U.S. Secretary of State Antony Blinken gave a speech this week that cast the climate issue as a sprint against China — to fund, invent, and ultimately sell clean technology.

“Right now, we’re falling behind,” Blinken said. 

“China is the largest producer and exporter of solar panels, wind turbines, batteries, electric vehicles. It holds nearly a third of the world’s renewable energy patents. If we don’t catch up, America will miss the chance to shape the world’s climate future in a way that reflects our interests and values. And we’ll lose out on countless jobs for the American people.”

A protester holds up signs of British Prime Minister Boris Johnson, Trudeau and Biden near the White House on Wednesday, a day before the summit opening. (Kevin Lamarque/Reuters)

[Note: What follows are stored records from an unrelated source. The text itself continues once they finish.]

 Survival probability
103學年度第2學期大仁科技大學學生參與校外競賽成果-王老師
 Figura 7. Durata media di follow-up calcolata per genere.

China, for its part, is at a crossroads in its climate policy. 

The average Chinese person doesn’t pollute nearly as much as a Canadian or American on a per-capita basis, but the country’s total national emissions have exploded.

China’s emissions are single-handedly responsible for half the world’s growth in carbon output since 2005, as hundreds of millions of its citizens join the global middle class, and the country has surpassed the U.S. as the top emitter. 

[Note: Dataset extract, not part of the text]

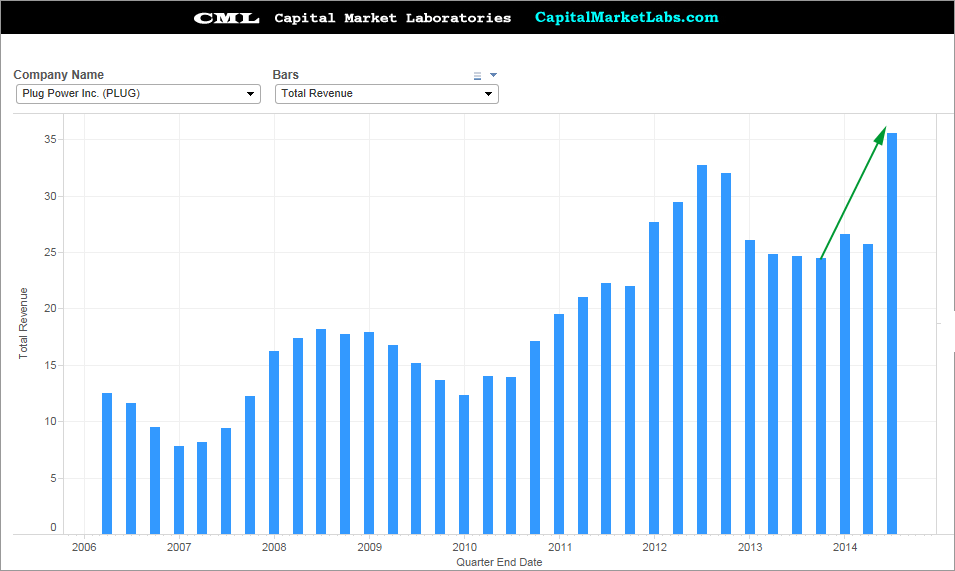 Risk Laboratory Ophir Gottlieb * Plug Power (PLUG) The 8 Charts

Yet it’s not just building new coal plants. 

At the same time, China has become a world-class inventor, producer and exporter of clean technology, and it entered this summit having already promised to have emissions peak by 2030. 

Speaking at the U.S.-led summit, President Xi Jinping did not announce new targets. He did, however, commit to start phasing down coal consumption in five years.  

A former official in the Trudeau government said this is the story to watch at the summit: the U.S. and China turning clean technology into a lucrative contest. 

“The lens to see the climate issue through has changed,” said Gerald Butts, now a vice chairman at the political-risk consulting firm the Eurasia Group.

“[It’s gone] from multilateral co-operation, which it has been for the past 25, 30 years, and it’s now very much a theatre for strategic economic competition.” 

The most valuable car company in the world is now Tesla. Its market capitalization has surpassed $700 billion, dwarfing numerous competitors combined.

Investors are now plowing money into these technologies while governments make plans to yank fossil fuels out of energy grids.

And neither China nor the U.S. want the other leading these fields, says Butts.

“The United States and China, in particular, are competing quite ferociously for who is going to have the most significant parts of the new energy supply chain.… And that’s created a much different dynamic which you’ll see on full display.”